Le P.C. du régiment s’établit au
nord-est de La Ferté Macé, à
Saint-Georges-d’Annebecq, en point d’appui avec
deux batteries de 75.
Les escadrons Weygand et Rouzée prirent position
à Rânes, un peu plus en avant, avec une section de
75 et le peloton de chars de Maugey.
Un bataillon de dragons portés s’installa vers le
nord et le peloton Madelin tint l’axe La Ferté
Macé-Carrouges au sud.
Vers cette ligne d’îlots de résistance
on voyait de toute parts progresser les blindées allemandes
avec des fanions blancs. Entre leurs lignes d’acier
tournoyaient des détachements français errants,
déjà vaincus, des réfugiés,
fous de terreur, en multitude vagabonde, qui semblaient ne savoir
où aller, et la foule des prisonniers
désarmés et renvoyés, sans leurs
officiers, par l’adversaire. Une confusion extrême
régna ainsi, en dépit de laquelle des combats
acharnés eurent lieu jusqu’au soir, entre les
villages en feu et les chemins jonchés de cadavres.

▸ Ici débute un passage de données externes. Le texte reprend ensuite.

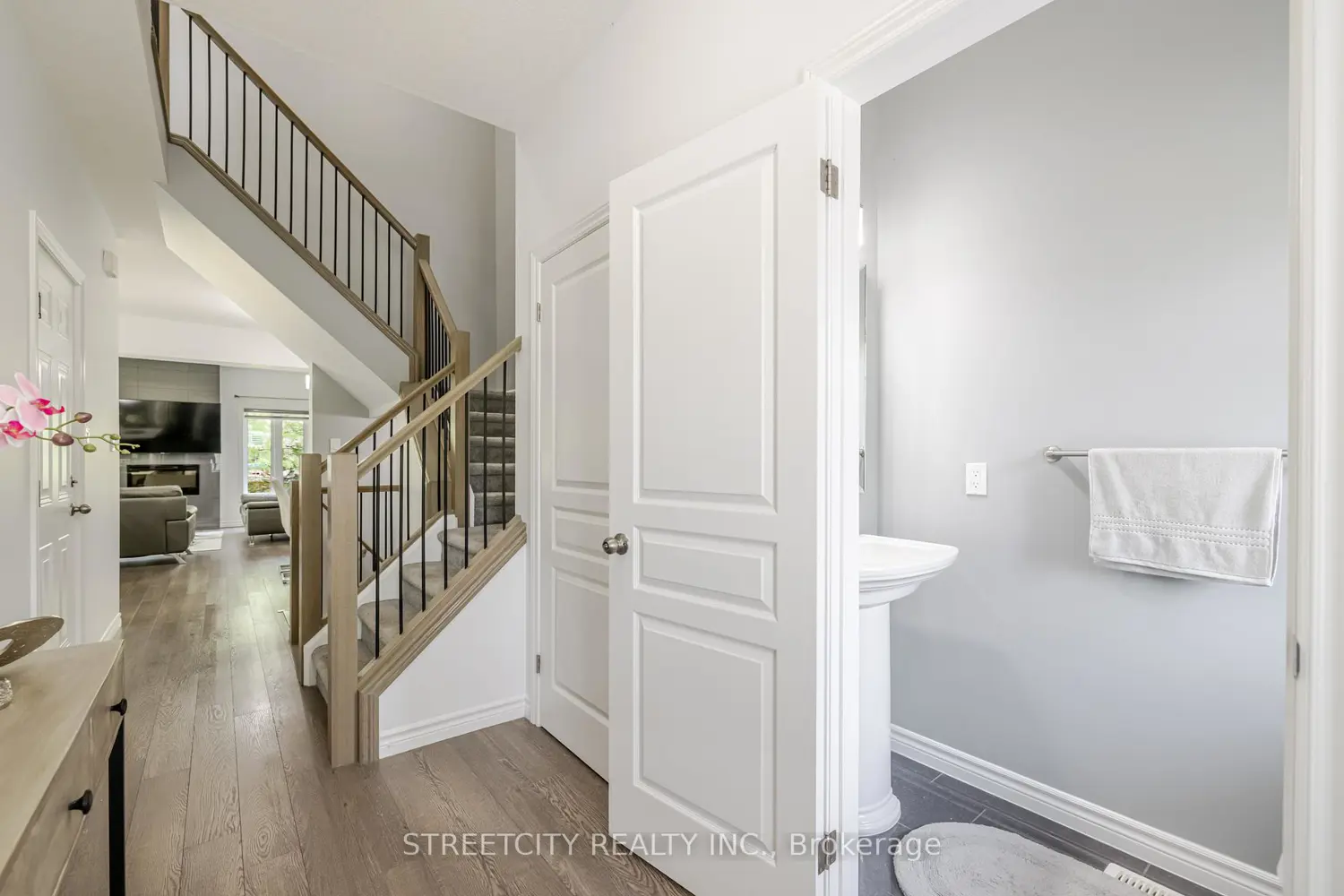 Additional image 5 of 1924 Cedarhollow Boulevard 99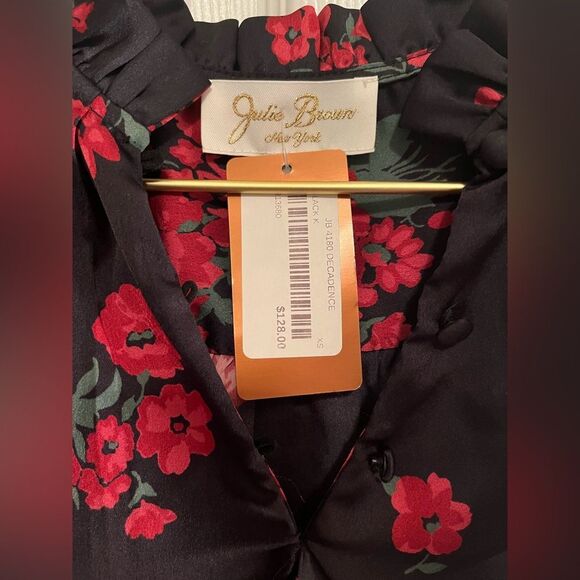 JB by Julie Brown Black and Red Flutter Sleeve Blouse - Picture 3 of 10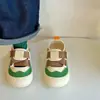 Zapatos de Lona para Niños Estilo Coreano 2026 Nuevas Llegadas Primavera Verano Unisex Huecos Transpirables Zapatos Deportivos Absorbentes de Sudor Sandalias Frescas de Moda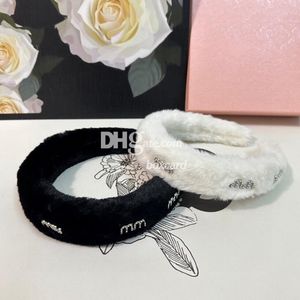 Rhinestone Letter Headbands Headwear Hairband Autumn Winter Fur Designer Hair Hoop Hairbands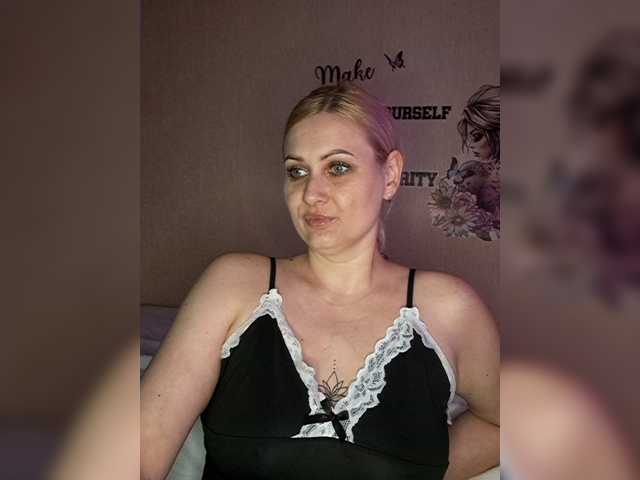 Enni1's BongaCams show and profile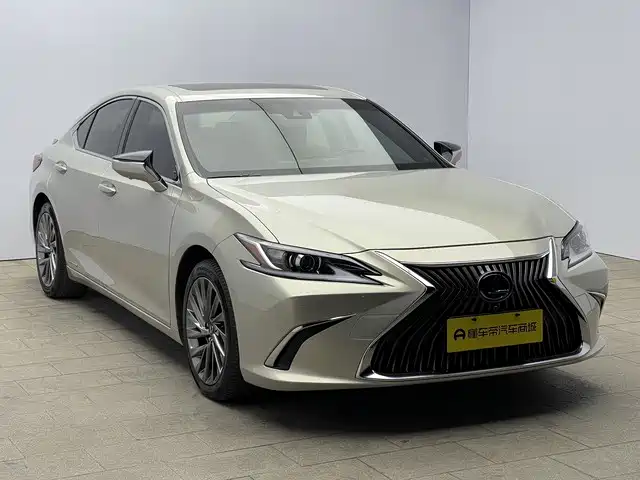 Lexus ES 2020 — фото 3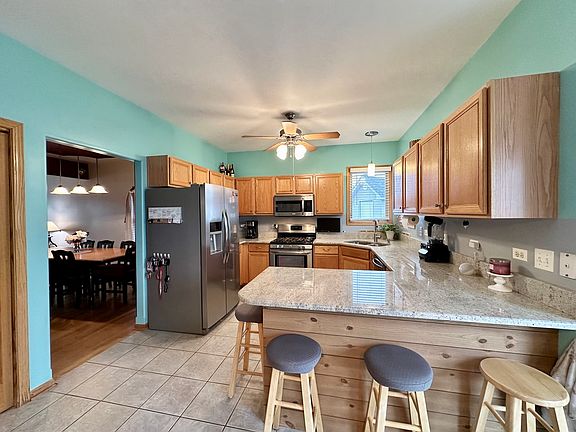 4th image of 563 Shannon Ct
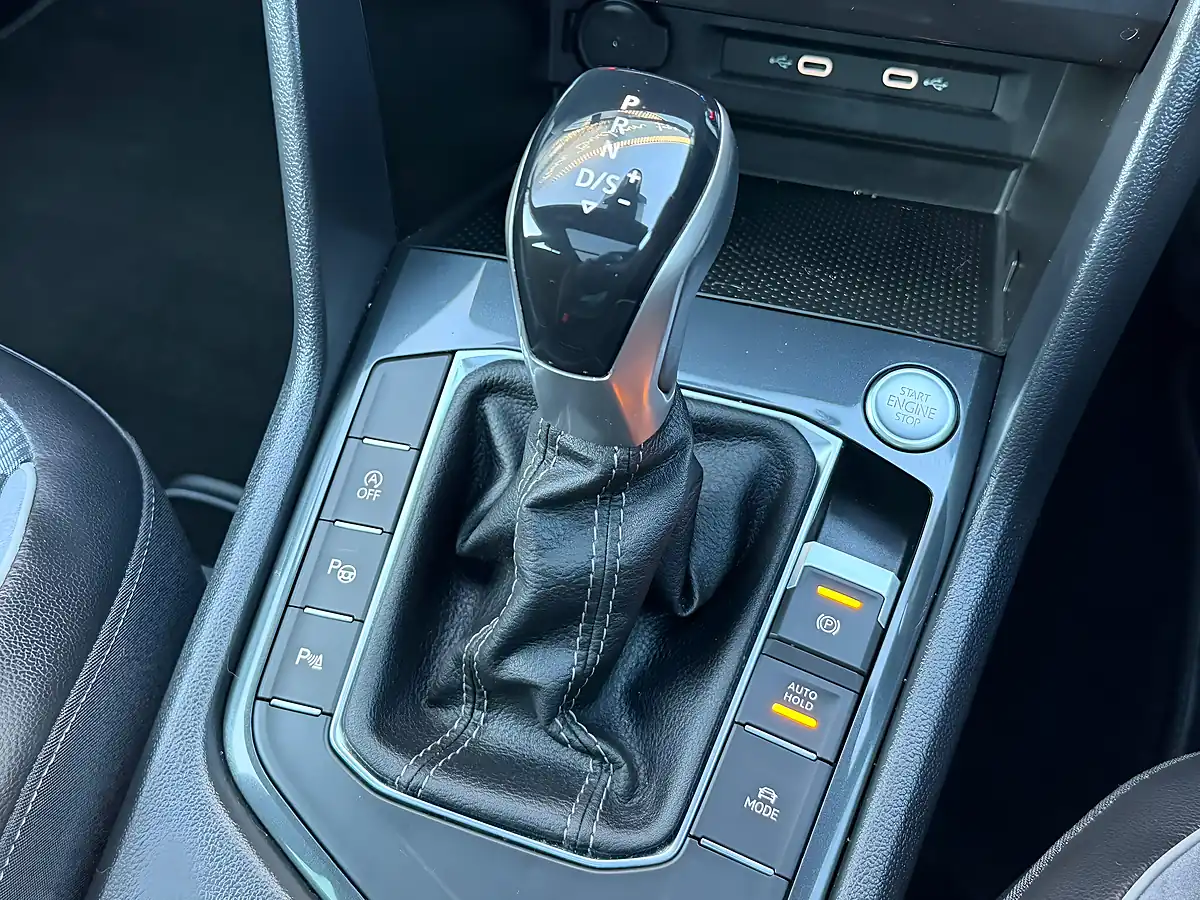 Used 2023 Volkswagen Tiguan R-Line Grey - Interior and Exterior details 6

Vers le sud brûlait Carrouges, où se battaient les
dragons portés du capitaine de Royère soutenus
par les chars de Madeline.
Entre Carrouges et Rânes, le lieutenant Dattez avec ses
dragons prenait à partie un détachement
porté allemand et l’anéantissait.
Devant Rânes, quelques dragons blessés au cours de
furieux combats à pied entre Vieux-Pont et Saint-Brice,
rendaient compte au capitaine Weygand de la présence sur le
lieu du combat d’une importante colonne
d’infanterie portée allemande qui semblait se
préparer à avancer.
Maugey reçut l’ordre de s’y porter avec
ses trois chars et de harceler cette colonne en agissant sur son flanc,
quand elle passerait à bonne distance.
Il s’approcha de la colonne, la repéra et, au lieu
de se maintenir à bonne portée et
d’agir de loin par le feu de ses canons, avec prudence, il la
remonta pour la surprendre par derrière.
Alors il se rua sur les camions à demi-blindés
bondés d’uniformes verts et
d’où venaient des chants. Presque à
bout portant il envoya son premier coup sur le camion le plus proche.
Touché en plein, tout sauta, dans une explosion de
métal et de chair qui s’éparpilla en
bouquet au milieu de hurlements.
Avant que les autres aient eu le temps de riposter ou de fuir, il
remonta la colonne, deux chars d’un
côté, un de l’autre, il la coupa, la
bouscula en tout sens, abattant à la mitrailleuse ceux qui
essayaient de s’échapper, crevant les
réservoirs, et, pour finir, il l’incendia
à coups de canon.
Lorsqu’il eut épuisé ses munitions, la
longue file des quarante camions n’était plus
qu’une chenille de flammes où grillaient des
cadavres, la route était obstruée pour longtemps
et le bataillon à jamais hors de combat.
Maugey n’avait même pas gardé un obus,
un chargeur, pour protéger son retour. Et, dès
qu’il eut refait sa provision de munitions, il repartit pour
un nouvel accrochage.
Cet après-midi, il fut encore
l’héroïque chef de peloton à
figure d’enfant, défiant la mort, ne demandant
qu’à se battre, ignorant la fatigue et la peur,
allant partout à plein cœur, plein
élan, pleine chance, symbole de la richesse de ces jours
où la fleur d’une jeunesse commanda
héroïquement avant d’avoir
commencé à vivre (*).
Cet après-midi du 17 juin, une fureur sacrée
anima le régiment. A aucun moment la violence de la bataille
ne s’épuisa, elle se maintint
jusqu’à la fin, rapide, farouche,
désespérée.
Cet après-midi il n’y eut plus de printemps, plus
de haies vertes, plus de ciel bleu, plus de murs
étoilés de roses. Il n’y eut plus
qu’un régiment jeté en avant,
déchaîné, hors d’haleine,
éperdu et fou, qui voulait combattre et combattre encore.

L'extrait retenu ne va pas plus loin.